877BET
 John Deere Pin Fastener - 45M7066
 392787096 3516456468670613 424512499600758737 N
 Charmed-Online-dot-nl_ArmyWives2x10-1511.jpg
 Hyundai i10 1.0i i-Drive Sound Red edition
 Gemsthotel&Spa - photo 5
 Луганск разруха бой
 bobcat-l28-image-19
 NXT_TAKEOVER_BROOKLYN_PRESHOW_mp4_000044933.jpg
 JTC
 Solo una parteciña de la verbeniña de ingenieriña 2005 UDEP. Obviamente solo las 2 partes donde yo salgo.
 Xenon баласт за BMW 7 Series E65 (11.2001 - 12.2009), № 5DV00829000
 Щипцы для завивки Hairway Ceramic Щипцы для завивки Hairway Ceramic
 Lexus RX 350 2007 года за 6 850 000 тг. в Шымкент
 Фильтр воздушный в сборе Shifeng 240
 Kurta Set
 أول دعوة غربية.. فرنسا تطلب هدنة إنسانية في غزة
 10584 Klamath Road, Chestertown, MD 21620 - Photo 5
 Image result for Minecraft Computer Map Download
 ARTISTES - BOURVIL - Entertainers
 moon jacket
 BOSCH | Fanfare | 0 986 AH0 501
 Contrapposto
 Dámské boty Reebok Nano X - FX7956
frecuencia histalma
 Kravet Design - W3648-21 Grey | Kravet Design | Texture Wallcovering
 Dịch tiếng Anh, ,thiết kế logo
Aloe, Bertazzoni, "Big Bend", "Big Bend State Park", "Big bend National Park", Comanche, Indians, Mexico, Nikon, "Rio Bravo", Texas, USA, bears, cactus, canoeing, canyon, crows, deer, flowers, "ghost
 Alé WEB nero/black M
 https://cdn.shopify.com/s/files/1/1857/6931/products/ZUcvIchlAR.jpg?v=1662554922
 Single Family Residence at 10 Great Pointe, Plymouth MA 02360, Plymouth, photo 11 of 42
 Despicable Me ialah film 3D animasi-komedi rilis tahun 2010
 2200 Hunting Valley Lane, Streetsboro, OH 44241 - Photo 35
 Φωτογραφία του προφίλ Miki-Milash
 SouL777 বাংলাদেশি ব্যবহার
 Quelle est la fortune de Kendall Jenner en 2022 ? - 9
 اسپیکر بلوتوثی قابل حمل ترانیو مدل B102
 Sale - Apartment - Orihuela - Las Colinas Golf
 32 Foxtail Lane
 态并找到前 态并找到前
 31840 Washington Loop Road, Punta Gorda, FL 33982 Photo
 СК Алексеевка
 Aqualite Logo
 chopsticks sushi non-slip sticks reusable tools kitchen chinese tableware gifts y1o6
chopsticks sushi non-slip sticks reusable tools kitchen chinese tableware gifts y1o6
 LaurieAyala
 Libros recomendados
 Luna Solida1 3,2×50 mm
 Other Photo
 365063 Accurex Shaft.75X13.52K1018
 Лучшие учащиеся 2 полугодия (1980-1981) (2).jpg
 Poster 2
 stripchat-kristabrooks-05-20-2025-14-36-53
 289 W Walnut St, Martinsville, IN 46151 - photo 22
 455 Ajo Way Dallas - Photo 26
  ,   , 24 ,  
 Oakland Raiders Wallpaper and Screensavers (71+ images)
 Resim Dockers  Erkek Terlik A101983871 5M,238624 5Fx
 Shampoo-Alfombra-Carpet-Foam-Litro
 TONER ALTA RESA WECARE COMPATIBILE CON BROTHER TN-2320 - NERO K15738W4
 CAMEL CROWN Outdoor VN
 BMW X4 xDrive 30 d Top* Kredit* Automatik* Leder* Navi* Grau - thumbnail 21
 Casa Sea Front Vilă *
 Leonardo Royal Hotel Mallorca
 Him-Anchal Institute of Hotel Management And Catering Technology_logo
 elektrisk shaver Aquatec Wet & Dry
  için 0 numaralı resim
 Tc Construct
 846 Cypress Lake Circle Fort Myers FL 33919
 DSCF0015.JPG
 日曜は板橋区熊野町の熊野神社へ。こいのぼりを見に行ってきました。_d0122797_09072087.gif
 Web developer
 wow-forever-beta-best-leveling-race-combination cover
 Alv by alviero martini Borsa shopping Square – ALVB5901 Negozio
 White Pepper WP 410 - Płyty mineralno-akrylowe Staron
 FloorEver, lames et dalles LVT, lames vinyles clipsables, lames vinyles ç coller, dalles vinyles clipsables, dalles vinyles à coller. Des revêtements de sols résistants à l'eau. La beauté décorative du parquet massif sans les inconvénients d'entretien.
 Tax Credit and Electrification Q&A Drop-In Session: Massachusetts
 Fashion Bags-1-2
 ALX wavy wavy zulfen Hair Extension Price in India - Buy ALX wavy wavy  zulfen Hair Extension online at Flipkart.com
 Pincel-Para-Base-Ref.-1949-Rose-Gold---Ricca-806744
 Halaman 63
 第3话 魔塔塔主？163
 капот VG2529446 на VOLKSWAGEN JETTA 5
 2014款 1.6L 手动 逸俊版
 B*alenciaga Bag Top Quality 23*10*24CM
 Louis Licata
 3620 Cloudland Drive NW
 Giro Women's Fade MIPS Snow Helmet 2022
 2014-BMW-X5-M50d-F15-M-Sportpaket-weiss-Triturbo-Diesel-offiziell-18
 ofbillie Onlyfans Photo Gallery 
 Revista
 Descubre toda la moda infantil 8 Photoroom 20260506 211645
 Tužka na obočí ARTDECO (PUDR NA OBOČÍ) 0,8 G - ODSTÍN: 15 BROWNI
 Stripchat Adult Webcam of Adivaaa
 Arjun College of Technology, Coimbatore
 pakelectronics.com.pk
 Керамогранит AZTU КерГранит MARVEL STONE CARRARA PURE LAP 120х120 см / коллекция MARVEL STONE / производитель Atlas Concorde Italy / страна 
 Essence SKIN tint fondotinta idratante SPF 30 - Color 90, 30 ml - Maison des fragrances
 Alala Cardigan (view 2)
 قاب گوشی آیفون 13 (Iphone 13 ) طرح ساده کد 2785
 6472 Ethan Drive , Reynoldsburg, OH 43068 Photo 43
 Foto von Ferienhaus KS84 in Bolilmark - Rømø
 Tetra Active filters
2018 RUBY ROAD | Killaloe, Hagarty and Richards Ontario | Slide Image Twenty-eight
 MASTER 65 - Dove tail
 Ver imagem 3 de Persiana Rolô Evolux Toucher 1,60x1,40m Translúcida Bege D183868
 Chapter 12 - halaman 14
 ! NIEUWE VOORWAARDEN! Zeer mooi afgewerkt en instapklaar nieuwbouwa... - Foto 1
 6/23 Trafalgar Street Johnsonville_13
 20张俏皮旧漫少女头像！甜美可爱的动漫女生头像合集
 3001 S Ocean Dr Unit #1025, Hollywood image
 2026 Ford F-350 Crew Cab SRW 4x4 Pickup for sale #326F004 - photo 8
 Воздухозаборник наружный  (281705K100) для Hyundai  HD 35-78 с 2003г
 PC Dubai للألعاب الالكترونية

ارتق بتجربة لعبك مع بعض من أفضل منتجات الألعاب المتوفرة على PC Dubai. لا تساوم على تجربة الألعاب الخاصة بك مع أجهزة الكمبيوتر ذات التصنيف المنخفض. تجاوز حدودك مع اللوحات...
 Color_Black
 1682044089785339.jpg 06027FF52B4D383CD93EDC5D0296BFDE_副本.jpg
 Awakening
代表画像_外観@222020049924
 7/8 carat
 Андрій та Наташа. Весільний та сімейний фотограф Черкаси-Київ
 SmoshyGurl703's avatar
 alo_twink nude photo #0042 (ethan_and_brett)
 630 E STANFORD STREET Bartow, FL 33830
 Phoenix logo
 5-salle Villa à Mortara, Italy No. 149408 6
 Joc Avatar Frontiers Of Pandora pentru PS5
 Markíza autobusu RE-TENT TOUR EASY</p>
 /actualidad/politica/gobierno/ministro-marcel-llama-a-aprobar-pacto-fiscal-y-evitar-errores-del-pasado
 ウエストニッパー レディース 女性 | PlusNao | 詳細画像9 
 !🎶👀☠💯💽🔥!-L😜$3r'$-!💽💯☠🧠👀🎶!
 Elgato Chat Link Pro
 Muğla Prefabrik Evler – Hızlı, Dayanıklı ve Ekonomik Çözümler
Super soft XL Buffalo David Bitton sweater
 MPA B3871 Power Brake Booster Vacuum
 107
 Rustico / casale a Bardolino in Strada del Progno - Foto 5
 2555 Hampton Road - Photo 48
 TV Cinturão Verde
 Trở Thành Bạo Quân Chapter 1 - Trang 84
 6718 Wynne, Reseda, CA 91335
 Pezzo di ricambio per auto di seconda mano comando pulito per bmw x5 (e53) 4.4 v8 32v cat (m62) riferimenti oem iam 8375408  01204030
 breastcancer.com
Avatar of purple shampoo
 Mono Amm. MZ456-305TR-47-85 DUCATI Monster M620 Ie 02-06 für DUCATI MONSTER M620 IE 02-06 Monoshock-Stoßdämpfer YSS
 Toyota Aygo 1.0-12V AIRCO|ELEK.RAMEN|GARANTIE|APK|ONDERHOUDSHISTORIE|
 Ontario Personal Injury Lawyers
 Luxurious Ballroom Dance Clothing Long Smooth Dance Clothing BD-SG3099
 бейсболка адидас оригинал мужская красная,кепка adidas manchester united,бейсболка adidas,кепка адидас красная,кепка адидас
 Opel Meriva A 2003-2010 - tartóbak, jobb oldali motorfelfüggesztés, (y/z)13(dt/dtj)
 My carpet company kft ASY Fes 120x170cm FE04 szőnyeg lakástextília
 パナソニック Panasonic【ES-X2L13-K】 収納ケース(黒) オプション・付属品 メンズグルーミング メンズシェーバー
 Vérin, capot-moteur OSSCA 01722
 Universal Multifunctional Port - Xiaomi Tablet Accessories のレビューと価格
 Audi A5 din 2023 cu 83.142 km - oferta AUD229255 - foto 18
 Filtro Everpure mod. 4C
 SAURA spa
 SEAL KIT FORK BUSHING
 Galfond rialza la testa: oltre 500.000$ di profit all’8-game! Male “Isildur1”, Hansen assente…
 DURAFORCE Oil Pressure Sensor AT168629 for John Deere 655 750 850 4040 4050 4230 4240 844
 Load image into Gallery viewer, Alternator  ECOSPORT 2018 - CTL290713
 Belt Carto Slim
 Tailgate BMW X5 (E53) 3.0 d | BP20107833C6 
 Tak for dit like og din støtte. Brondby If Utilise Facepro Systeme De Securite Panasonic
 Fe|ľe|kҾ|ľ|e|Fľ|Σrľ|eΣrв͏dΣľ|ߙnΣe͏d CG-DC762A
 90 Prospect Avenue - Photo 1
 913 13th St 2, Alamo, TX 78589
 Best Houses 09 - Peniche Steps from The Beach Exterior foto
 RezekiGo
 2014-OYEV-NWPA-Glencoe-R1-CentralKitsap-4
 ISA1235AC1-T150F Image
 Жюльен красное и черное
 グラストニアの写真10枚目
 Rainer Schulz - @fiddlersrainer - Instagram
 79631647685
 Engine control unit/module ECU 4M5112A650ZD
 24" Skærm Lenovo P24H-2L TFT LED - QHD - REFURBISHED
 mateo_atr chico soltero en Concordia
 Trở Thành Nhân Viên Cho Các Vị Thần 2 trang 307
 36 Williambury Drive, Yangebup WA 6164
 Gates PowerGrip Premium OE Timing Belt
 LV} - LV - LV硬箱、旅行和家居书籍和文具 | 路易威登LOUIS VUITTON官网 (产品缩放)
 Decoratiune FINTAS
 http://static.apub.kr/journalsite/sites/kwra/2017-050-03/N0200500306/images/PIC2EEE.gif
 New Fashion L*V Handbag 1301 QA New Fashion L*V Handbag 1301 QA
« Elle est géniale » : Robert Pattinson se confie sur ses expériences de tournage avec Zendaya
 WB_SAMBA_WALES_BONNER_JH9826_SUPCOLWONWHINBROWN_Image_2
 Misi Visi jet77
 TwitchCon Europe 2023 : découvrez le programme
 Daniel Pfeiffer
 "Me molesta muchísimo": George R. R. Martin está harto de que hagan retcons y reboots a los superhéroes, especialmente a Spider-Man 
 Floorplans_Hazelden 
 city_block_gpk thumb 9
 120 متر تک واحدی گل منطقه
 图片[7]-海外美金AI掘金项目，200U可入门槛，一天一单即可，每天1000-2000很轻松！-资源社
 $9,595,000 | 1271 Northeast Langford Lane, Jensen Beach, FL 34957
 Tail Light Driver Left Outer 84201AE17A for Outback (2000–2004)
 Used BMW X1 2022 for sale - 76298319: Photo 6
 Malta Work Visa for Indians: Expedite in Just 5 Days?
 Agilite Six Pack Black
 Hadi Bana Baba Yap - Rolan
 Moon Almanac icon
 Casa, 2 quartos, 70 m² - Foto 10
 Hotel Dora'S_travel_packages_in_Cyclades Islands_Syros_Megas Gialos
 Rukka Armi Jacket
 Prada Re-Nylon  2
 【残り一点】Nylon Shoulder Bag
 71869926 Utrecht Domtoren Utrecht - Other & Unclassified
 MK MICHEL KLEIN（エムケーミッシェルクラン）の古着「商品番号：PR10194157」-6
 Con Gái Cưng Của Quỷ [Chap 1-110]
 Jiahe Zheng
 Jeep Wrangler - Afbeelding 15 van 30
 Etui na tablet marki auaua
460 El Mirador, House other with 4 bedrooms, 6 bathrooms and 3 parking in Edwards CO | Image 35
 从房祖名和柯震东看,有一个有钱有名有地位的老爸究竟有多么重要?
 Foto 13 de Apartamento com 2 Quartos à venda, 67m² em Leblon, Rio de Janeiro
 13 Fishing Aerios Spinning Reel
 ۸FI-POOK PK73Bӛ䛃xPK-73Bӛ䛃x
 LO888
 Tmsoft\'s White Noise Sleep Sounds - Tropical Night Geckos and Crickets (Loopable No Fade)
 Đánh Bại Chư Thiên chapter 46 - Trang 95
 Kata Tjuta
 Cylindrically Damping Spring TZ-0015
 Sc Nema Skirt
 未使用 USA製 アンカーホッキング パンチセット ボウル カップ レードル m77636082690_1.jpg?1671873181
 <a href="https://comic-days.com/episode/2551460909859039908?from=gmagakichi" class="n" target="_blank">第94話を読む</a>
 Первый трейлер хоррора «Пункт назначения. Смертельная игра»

The task | Scan the material above. Copy each line where "images" occurs.

Answer section |
 Oakland Raiders Wallpaper and Screensavers (71+ images)
 http://static.apub.kr/journalsite/sites/kwra/2017-050-03/N0200500306/images/PIC2EEE.gif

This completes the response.